Missteps at this stage highlight the importance of transparency and expertise. If a vendor hesitates or can’t share reasonable documentation, that’s a red flag. In the most successful projects I’ve seen, a collaborative relationship between procurement, chemists, and suppliers drives efficiency and lowers the chance of crisis.
No material system stands still. For 2-cyano-5-methylpyridine, several points could raise the bar. Wider adoption of green chemistry methods might trim energy use or lower solvent waste. Standardizing impurity reporting and setting stricter product standards, across the main players in the sector, could help cut disputes and ease regulatory filings. Improving packaging—moving away from permeable liners or old metal drums toward high-integrity plastics—makes a big difference by holding off contamination and moisture uptake.

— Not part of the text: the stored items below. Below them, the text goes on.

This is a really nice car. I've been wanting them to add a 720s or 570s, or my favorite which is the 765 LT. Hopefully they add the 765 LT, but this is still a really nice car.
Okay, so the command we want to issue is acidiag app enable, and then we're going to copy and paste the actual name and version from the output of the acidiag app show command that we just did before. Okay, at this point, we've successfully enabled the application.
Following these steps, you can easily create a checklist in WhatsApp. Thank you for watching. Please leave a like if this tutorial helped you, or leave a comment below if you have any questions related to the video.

Technology adoption looks promising. Small- and medium-sized producers often lag behind on in-line QC techniques. Encouraging or subsidizing upgrades to automated purification, in-line NMR, or real-time mass spec might slash reject rates down the road. I’ve talked with junior process engineers who still rely on material checks primarily at intake, instead of embedding controls upstream. More robust systems—already standard in regulated pharma or electronics—can and should spread throughout specialty chemicals as well.
End users have a voice here. Sharing analysis data back to suppliers, requesting experimental impurity breakdowns, and flagging minor but recurrent quality issues support better mutual understanding and raise sector standards. Purchasers with real leverage can ask suppliers for fair pricing tied to higher analysis standards, supporting investment in QA infrastructure.

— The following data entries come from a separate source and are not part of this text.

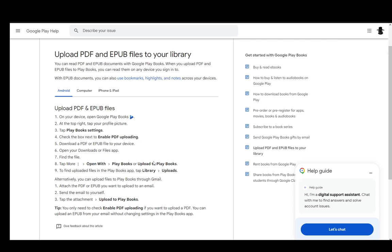Then once you enable PDF uploading, you want to locate your PDF file. Go into your downloads or your files app, wherever it is located, and then go in to find the file. Once you find it, just tap the three dots, the three vertical dots next to the file, which is more options, then open with and then go into Play Books or upload to Play Books. It should be uploaded and you can find that PDF file under library and uploads.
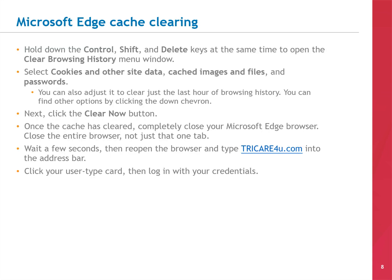The process for clearing the cache on Microsoft Edge is a little different. With the browser open, hold down the CTRL, SHIFT, and DELETE keys at the same time to open the CLEAR BROWSING HISTORY menu window. Select Cookies and Other Site Data, Cached Images and Files, and Passwords. You can adjust it to clear just the last hour of browsing history, or find other options by clicking the DOWN chevron. Then click the CLEAR NOW button.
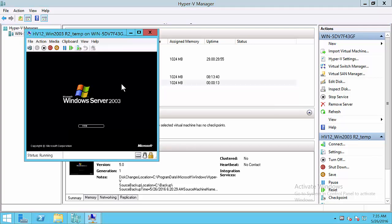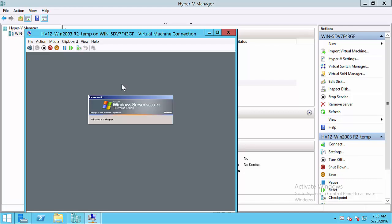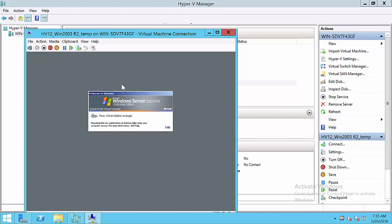As you can see, with Acronis Backup 12, the operating system is started, your applications are running, and the recovery is complete in an amazing 15 seconds.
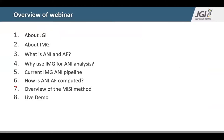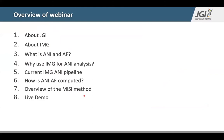A brief overview of what I will cover in this webinar: I'll first start with a brief introduction about JGI and IMG. There will be a science introduction about what ANI is, why we use IMG, what the computational pipeline is, the specifics about how ANI is computed, what the method is, and then I will move on to a live demo.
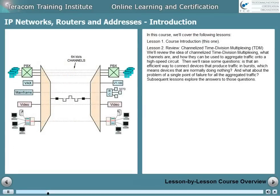Lesson 2 is a review of channelized time division multiplexing. We'll review the idea of channelized TDM, what channels are, and how they can be used to aggregate traffic onto a high-speed circuit. Then we'll raise some questions: Is that an efficient way to connect devices that produce traffic in bursts, where devices are normally doing nothing and yet we're assigning them a channel all the time? And what about the problem of a single point of failure for all the traffic aggregated onto the channelized circuit?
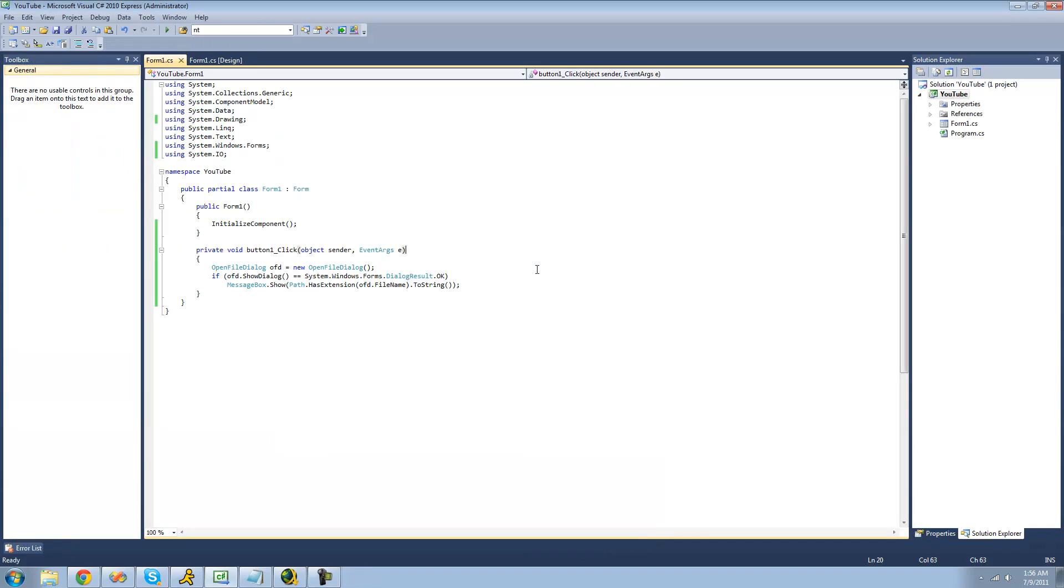So, that's pretty much it for this tutorial on the path class. I know I didn't really explain a whole lot of things, but everything seems pretty self-explanatory. And the main purpose of this tutorial was just to show you that this path class actually exists, and it can save you a lot of trouble of having to go through and create your own methods to just get the safe file name or get the extension or something like that. So, see you guys.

Product stewardship doesn’t happen overnight or by accident. Teams buying or using 2-cyano-5-methylpyridine stand to gain from digging into real data, checking suppliers by solid metrics, and lining up support from every stakeholder along the chain. One person monitoring melting point variance or spotting color drift triggers root-cause analysis before costs scale out of control. Selecting a partner with experience in both supply logistics and downstream customer support avoids common pitfalls—and strengthens both internal and external process efficiency.

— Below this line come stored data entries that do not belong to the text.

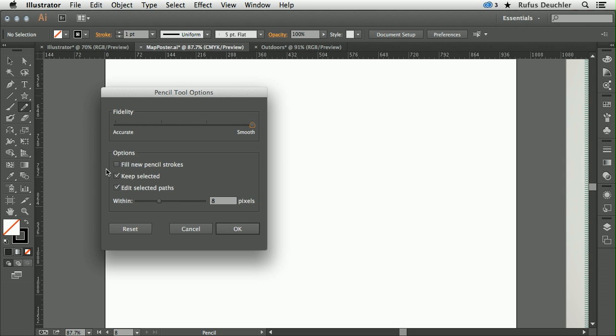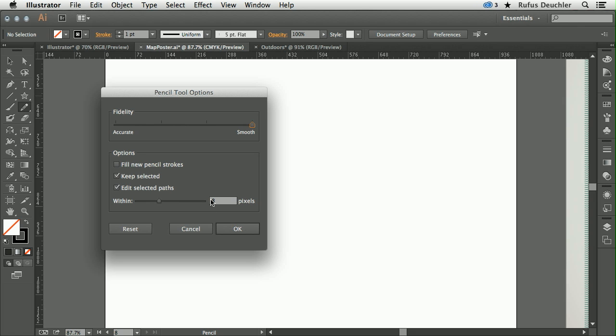Of course, I can also change the options here, like if I want to fill the new Pencil Strokes, if I want to keep them selected, and also if I want to use the Pencil Tool to actually edit paths that I've created with the Pen Tool or any other tool, for example. And then, of course, the space within which the Pencil Tool kicks in when I get closer to the objects that I'm drawing.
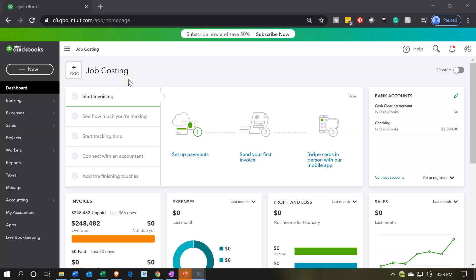Here we are in our job costing practice problem dashboard. Note that this is going to be the completed project I'm looking at at this point in time. In other words, I've already populated the data into this file. This is what we're going to construct throughout the course. What we want to do is look at the end product so that we can see the direction as we go through the course.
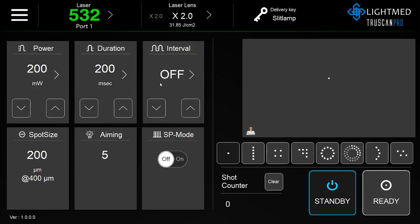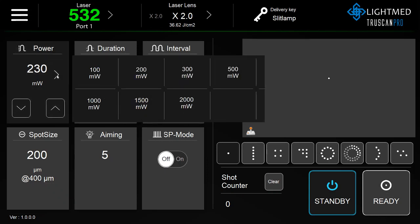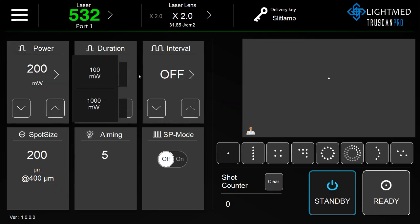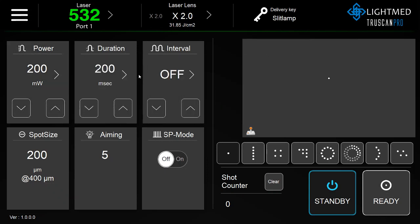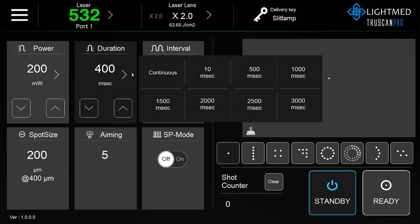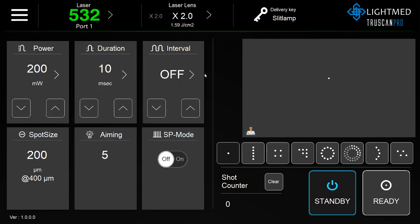In order to adjust the power, click the up and down arrows in increments of 10, or the right arrow to select a preset. The duration is the same: up and down arrow, right arrow for a preset. Same with the interval.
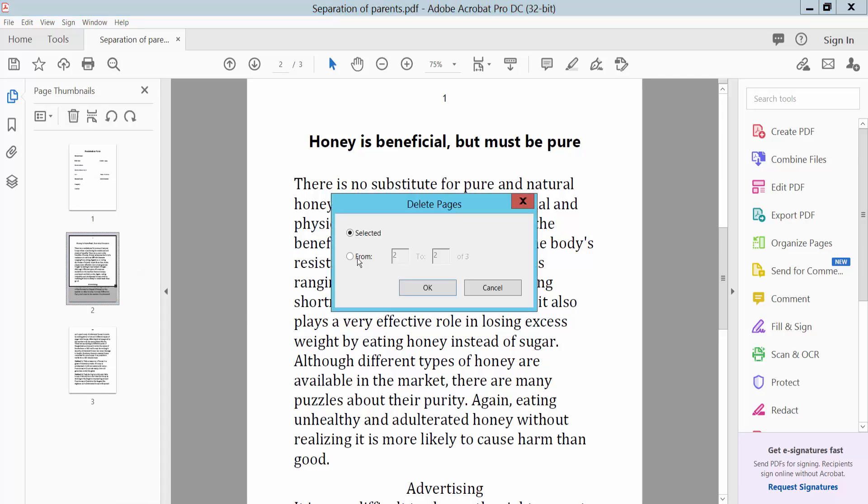You can delete a specific page by entering the page number, such as page three.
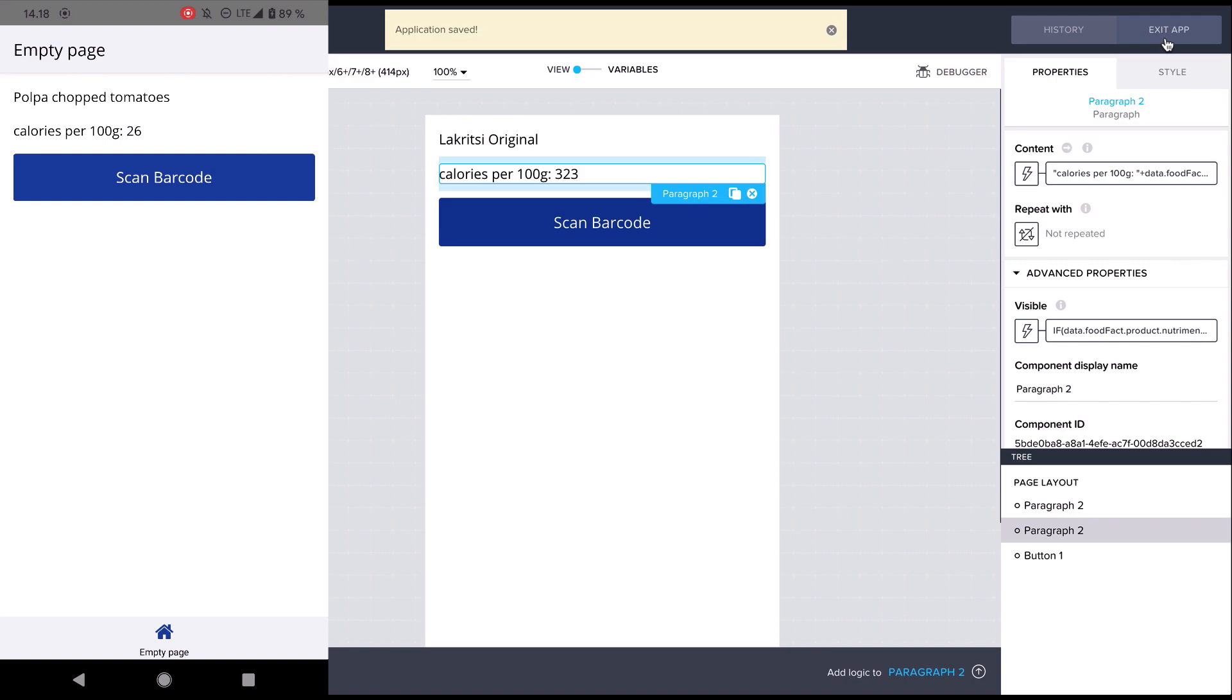And that's it. Now we can scan various food items. The app sends the barcode to the open food facts API and we get the result displayed in our app. I hope you enjoyed App Programming 101 with AppGyver and see you again soon.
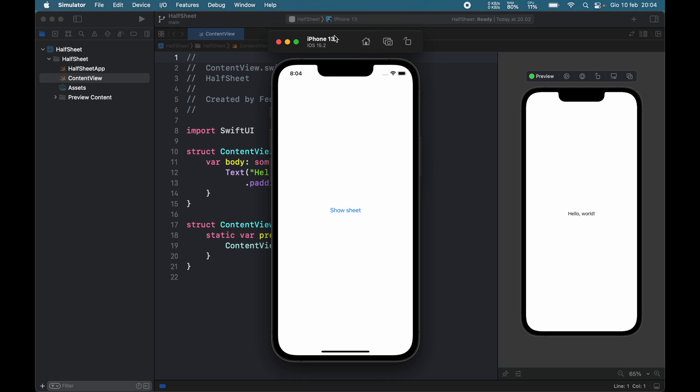How's it going guys? In today's video we're going to be looking at how we can create a partial sheet, also known as a half sheet, in SwiftUI and it's going to look like this.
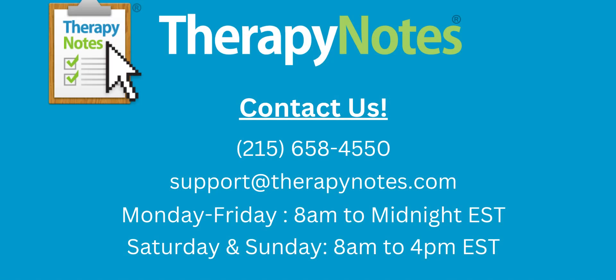If you have any additional questions, please contact support at 215-658-4550 or email us at support@therapynotes.com. As always, our support is free and unlimited.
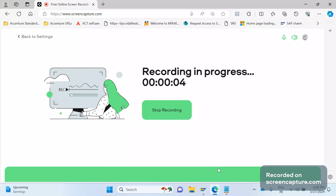Hey, hello friends, welcome to my channel SAP SD and ABAP. One of our friends requested that whenever we get any requirement from business or client, how to decide whether this can be fulfilled in standard SAP design, or do we need to enhance this functionality by writing some additional logic in the user exit, customer exit, or by implementing BADIs — so how to reach a solution when we get any requirement.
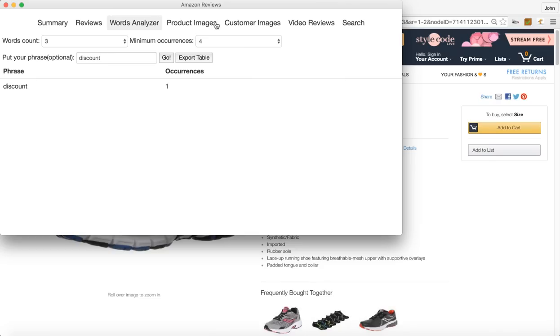Now as far as if you're doing giveaways or you've got people that are leaving reviews for you, if they do really good images or videos, you can also use this feature where it says customer images and it'll automatically download all of your customer images for your listing.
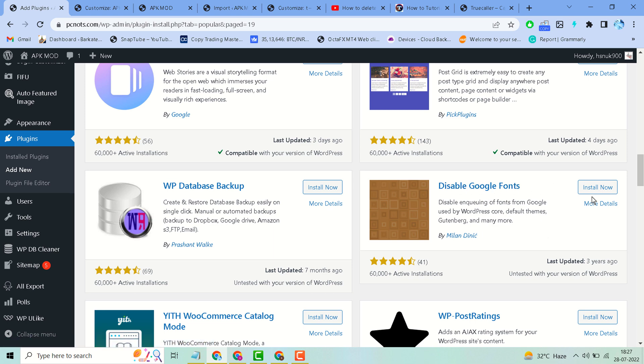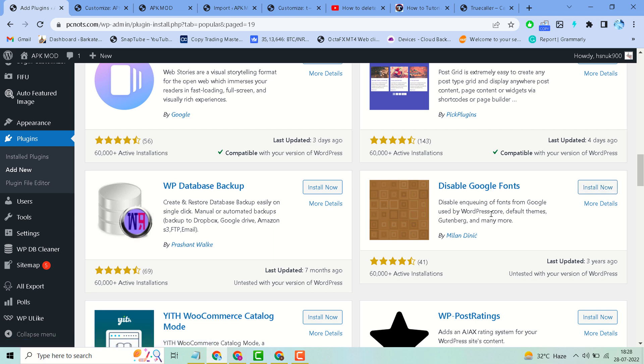Install and activate and give a try to this plugin, and share your experience. If you are facing any problem, error, or have any query, comment below — I will reply to your query. Thanks for watching.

The most reliable way to avoid product disasters, in my view, involves embedding evidence-driven decisions and ongoing feedback at every point where quality can slip. No single fix answers all demands, but a culture of openness and rigor goes a long way. Whether scaling up a pharmaceutical campaign, discovering a new fungicide backbone, or adding another rung to the chemical research ladder, choosing the right intermediate makes a difference. 2-cyano-5-methylpyridine stands out in a crowded field not just because of its chemical structure, but because of the lessons learned from repeated cycles of improvement, data sharing, and responsible handling.
The real work behind specialty chemicals like 2-cyano-5-methylpyridine rarely gets front-page coverage, but its impact shows up in every successful drug launch, resistant weed solution, sensor innovation, and academic discovery. Experience translates directly into better decisions, smoother projects, and sustainable progress. By combining technical understanding with careful sourcing, and by engaging with the product’s unique chemistry and real-world impact, users put themselves in the strongest position for future wins.